WHAT THE TASK REQUIRES
Leave out the images and return all the data word for word.

RECORDED INFORMATION
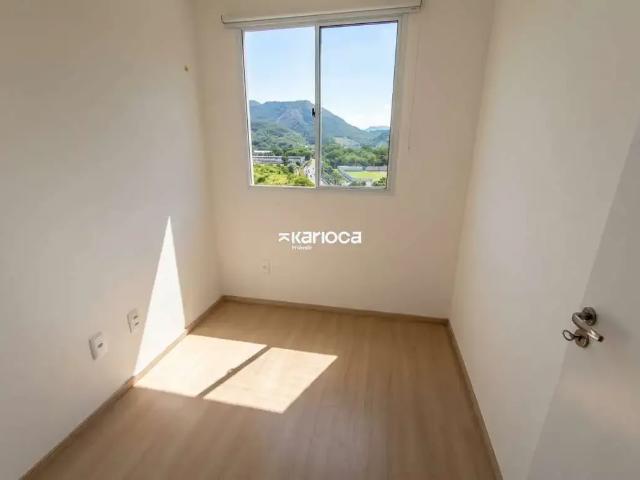 Apartamento para Venda em Rio de Janeiro/RJ Camorim 3 Quartos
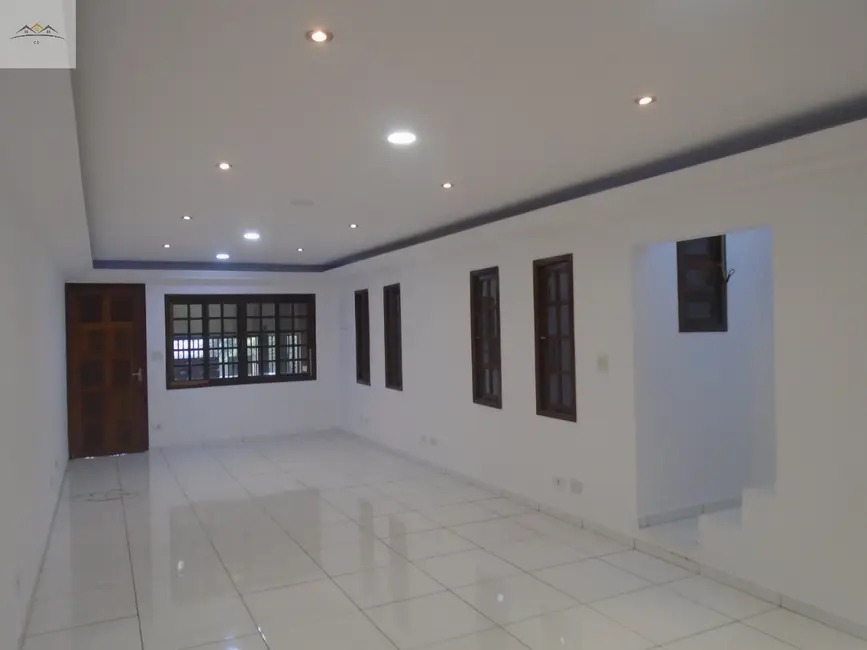 Foto 1 de Casa com 3 quartos à venda, 125m2 em Jardim Estrela, Maua - SP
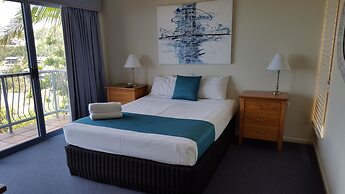 Sea Star Apartments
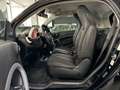 smart forTwo Coupe 52 KW FACELIFT TEMPOMAT KLIMA SHZT Schwarz - thumbnail 10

ANSWER TO THIS TASK
 Apartamento para Venda em Rio de Janeiro/RJ Camorim 3 Quartos
 Foto 1 de Casa com 3 quartos à venda, 125m2 em Jardim Estrela, Maua - SP
 Sea Star Apartments
 smart forTwo Coupe 52 KW FACELIFT TEMPOMAT KLIMA SHZT Schwarz - thumbnail 10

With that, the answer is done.